Microsoft Access/Jet databases are more prone to corruption than SQL Server for a number of reasons. Since Access/Jet uses a file share model, all users are concurrently holding active connections to data. If any one of those users unexpectedly loses the connection, the database can become corrupt. Connection loss can happen if the userís network connection is intermittent, driver versions are not current or conflicting versions of the Jet DLLs are used to read the same database file.
Microsoft Access includes a Compact/Repair utility, but serious database corruption is not fixed by this utility. Third party repair services are available, but this requires sending the affected database off to another location, paying a fee, and waiting for it to be returned with mixed results.
Windows allows copying a Microsoft Access database even if people have it open, so you can create a backup, but that may be a problem if someone is modifying the data at the time the file is being copied.
Compacting a Microsoft Access database requires all users to be off the database, which is problematic for solutions running 24/7. A lock is placed on the database at the file level (*.ldb or *.laccdb files) as soon as it is opened by the first user.
In a multi-user environment, Microsoft Access does not tell you who is currently in the database, so it can be an administrative headache to get people off the system. Our Total Access Admin program lets you monitor the users going in and out of the database in real-time, which helps and can compact the database after everyone exits, but it's not a built-in feature of Microsoft Access.
It is often difficult to coordinate the process of ensuring all users log off of an Access application before making a backup. Typical scenarios involve users leaving their computers on when they leave the office for the day. This leaves the database open and backup software will not be able to reliably copy the database file. Often this is only detected after the backup fails, leaving the system administrator to track down the problem and hope it is resolved before the next backup runs.
Additionally, Microsoft Access is not self-tuning like SQL Server. It does not automatically reclaim lost database space or optimize indexes and queries. This maintenance is performed by running the repair/compact feature. Our Total Visual Agent program lets you automate this on a schedule you specify and maintain an audit trail, but it's not a built-in feature of Microsoft Access.
If an organization doesn't regularly backup individual desktop databases, people may create Access databases on their PCs that are never backed up or maintained. Organizations can treat them as user data that can be lost as if it were an Excel spreadsheet or Word document, but better policies should be in place so users can save their databases where basic system administration is provided.
Microsoft Access databases need to be backed up for disaster recovery and periodically compacted to remain healthy. An automated system should be implemented to take care of that for the many Access databases that exist today and those created in the future. SQL Server upsizing should be considered for the databases where such automated processes cannot be implemented due to continuous use of the database or the cost of losing any data is high.
Scalability is defined as the ability of an application to operate in an acceptable manner as the number of users or processes calling the application increases. In some situations, Microsoft Access/Jet cannot scale to support the demand on the database.

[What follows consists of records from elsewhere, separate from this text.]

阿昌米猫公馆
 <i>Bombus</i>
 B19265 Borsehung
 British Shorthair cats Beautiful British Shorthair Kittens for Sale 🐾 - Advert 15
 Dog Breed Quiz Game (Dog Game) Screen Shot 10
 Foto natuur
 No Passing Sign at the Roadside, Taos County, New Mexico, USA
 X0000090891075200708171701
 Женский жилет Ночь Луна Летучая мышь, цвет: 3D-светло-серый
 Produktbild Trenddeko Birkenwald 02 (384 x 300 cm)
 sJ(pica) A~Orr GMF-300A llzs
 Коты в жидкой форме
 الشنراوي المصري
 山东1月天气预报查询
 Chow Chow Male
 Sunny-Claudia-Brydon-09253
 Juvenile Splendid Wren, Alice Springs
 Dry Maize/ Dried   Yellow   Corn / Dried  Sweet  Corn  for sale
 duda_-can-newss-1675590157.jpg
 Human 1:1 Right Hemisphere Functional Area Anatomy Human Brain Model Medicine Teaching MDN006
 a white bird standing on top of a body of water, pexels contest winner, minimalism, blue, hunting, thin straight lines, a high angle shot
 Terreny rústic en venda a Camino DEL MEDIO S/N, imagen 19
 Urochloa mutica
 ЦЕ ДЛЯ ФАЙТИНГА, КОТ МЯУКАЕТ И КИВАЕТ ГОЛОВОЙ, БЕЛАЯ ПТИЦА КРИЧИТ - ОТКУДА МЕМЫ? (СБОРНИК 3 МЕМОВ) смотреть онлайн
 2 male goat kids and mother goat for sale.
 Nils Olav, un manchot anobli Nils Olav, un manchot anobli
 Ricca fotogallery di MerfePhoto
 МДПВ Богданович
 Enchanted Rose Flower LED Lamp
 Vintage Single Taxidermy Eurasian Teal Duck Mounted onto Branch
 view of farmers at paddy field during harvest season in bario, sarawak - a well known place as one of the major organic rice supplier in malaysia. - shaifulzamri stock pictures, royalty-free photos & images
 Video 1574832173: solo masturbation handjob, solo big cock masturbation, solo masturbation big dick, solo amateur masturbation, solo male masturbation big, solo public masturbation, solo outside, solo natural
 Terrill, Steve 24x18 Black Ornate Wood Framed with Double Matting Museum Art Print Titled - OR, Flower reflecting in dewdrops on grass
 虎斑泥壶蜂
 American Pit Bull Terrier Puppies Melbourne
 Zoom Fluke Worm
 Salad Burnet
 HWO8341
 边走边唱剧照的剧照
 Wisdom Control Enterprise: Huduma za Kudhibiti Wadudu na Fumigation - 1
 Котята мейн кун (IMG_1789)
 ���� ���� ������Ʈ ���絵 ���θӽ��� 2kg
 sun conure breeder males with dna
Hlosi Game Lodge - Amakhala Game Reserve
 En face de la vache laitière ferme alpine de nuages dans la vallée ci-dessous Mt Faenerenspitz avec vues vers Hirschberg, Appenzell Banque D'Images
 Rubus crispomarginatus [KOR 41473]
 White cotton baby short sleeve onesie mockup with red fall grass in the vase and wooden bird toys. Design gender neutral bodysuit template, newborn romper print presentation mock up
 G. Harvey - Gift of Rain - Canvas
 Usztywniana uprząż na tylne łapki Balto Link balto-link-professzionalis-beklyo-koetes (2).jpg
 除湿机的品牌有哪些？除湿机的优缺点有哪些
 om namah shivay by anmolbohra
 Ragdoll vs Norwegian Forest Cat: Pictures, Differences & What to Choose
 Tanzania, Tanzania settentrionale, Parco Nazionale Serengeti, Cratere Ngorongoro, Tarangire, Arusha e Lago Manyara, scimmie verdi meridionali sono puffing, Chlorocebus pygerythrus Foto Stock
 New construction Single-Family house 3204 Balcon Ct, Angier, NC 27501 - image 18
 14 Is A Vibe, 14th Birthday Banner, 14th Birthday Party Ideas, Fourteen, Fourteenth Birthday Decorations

Before doing upsizing, your Access database should have a Split Database architecture. This separates the user application database from the back-end shared data database. The front-end application database links to the shared database and upgrades are easier because the data does not need to be modified for new releases (provided tables structures aren't modified). For more information, see our paper on Microsoft Access Split Database Architecture to Support Multiuser Environments, Improve Performance, and Simplify Maintainability. The split database architecture will also help in an upsizing endeavor to preserve the existing Access front-end.
If a single copy of a Microsoft Access database resides on a network drive and is being opened by multiple users at one time, you may have a scalability issue. But that should be addressed by using a split database architecture rather than upsizing to SQL Server.
There have been myths about Microsoft Access databases not being able to support more than a 20 users. That may have been the case when Microsoft Access was introduced in 1992, but that has NOT been the case for quite some time.
Microsoft Access technically allows up to 255 connections per database. That means it can be used for applications for teams many times that if they don't all need to use it at the same time.
The number of connections/users that an Access database can support is dictated by how well the application was designed and implemented. A well designed Access application can support 100+ simultaneous users with decent performance. On the other hand, a poorly designed Access application can run at a crawl with two users. Or some processes are just time consuming and will be slow no matter what database is used. It's really not about the technology but the implementation.
Unfortunately, many Access databases are not well designed or implemented with best practices. This is because most Access databases are created by users who simply do not have the experience or knowledge to create professional database applications. They are built over time and new features and data models are tacked-on as the need arises. The result is an overall solution that cannot reliably support more than a few users.
Do not upsize Microsoft Access applications for user count reasons if the number of simultaneous users is relatively low. Upsizing should be considered if one needs to support 100+ simultaneous users and more in the future.
Each Microsoft Access databases has a maximum size of 2 GB. That's a lot of text and numeric data, but can be easily exceeded if files and graphics are being stored. For the vast majority of Microsoft Access databases, that's much larger than the database will ever get. Sometimes databases get large, but a compact usually reduces it to a more reasonable size. Make sure you also decompile your Microsoft Access databases from time to time when compacting.
With a split database architecture, a Microsoft Access application can link to data from multiple Microsoft Access databases that add up to more than 2 GB. Of course, that's not a good design if data shouldn't be split across multiple tables or databases.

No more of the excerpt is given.